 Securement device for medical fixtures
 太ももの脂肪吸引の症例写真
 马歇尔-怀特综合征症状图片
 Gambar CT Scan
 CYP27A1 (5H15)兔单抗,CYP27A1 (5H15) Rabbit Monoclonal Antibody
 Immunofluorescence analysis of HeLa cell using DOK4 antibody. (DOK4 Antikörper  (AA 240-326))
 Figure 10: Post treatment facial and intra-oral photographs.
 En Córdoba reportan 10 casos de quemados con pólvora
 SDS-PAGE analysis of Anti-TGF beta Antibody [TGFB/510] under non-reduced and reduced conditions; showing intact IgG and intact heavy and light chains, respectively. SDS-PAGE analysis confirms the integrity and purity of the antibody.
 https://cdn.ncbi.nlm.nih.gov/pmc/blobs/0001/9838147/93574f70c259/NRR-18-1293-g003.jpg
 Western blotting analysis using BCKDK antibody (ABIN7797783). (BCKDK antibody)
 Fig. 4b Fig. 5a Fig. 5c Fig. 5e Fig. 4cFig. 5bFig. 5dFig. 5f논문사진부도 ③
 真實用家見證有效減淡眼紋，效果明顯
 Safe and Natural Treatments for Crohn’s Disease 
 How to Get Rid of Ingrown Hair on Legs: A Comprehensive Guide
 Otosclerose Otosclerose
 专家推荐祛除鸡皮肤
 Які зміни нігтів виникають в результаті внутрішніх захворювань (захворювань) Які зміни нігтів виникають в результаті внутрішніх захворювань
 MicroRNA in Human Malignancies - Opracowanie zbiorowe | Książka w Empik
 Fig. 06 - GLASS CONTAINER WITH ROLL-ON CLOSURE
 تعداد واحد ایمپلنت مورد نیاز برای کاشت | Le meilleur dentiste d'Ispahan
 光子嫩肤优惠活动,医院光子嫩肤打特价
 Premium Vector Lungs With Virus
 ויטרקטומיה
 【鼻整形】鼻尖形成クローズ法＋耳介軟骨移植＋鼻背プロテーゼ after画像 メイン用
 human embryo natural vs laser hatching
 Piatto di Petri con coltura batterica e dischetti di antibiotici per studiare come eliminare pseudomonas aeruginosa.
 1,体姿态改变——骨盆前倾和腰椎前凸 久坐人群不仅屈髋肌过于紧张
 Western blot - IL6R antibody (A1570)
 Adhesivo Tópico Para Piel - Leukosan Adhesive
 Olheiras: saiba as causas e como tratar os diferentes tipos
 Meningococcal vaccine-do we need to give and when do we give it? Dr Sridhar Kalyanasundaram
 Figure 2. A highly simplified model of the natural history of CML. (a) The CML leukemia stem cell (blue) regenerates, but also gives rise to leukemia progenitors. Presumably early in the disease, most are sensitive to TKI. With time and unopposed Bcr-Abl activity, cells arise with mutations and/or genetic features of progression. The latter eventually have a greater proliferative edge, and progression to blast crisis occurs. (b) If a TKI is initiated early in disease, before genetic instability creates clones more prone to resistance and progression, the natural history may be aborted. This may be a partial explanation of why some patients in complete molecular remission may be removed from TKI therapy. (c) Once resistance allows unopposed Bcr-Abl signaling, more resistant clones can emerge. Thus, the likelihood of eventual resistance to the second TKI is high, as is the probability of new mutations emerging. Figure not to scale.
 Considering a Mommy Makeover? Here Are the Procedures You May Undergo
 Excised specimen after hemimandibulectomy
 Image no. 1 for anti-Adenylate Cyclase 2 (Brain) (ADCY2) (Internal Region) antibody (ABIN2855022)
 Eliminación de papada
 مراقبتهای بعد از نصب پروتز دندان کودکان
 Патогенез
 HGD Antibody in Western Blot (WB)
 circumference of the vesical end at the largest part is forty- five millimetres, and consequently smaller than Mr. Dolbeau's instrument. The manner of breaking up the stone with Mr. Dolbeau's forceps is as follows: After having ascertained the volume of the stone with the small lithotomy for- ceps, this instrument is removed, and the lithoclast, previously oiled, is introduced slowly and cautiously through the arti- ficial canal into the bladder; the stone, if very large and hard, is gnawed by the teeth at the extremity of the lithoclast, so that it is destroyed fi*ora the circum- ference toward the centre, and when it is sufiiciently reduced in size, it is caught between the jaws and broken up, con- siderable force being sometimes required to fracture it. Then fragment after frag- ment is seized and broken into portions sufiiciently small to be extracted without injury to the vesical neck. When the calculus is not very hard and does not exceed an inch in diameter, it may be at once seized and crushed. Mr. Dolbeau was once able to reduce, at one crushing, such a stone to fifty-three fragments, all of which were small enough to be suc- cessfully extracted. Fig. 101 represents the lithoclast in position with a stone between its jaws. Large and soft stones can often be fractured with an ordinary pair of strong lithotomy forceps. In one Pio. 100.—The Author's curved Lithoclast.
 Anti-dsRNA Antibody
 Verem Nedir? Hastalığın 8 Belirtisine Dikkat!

● **WORK INSTRUCTIONS**
Output the material above exactly, but only from the line that carries "MicroRNA in Human" through the line that carries "human embryo natural vs laser hatching".

● **TASK ANSWER**
 MicroRNA in Human Malignancies - Opracowanie zbiorowe | Książka w Empik
 Fig. 06 - GLASS CONTAINER WITH ROLL-ON CLOSURE
 تعداد واحد ایمپلنت مورد نیاز برای کاشت | Le meilleur dentiste d'Ispahan
 光子嫩肤优惠活动,医院光子嫩肤打特价
 Premium Vector Lungs With Virus
 ויטרקטומיה
 【鼻整形】鼻尖形成クローズ法＋耳介軟骨移植＋鼻背プロテーゼ after画像 メイン用
 human embryo natural vs laser hatching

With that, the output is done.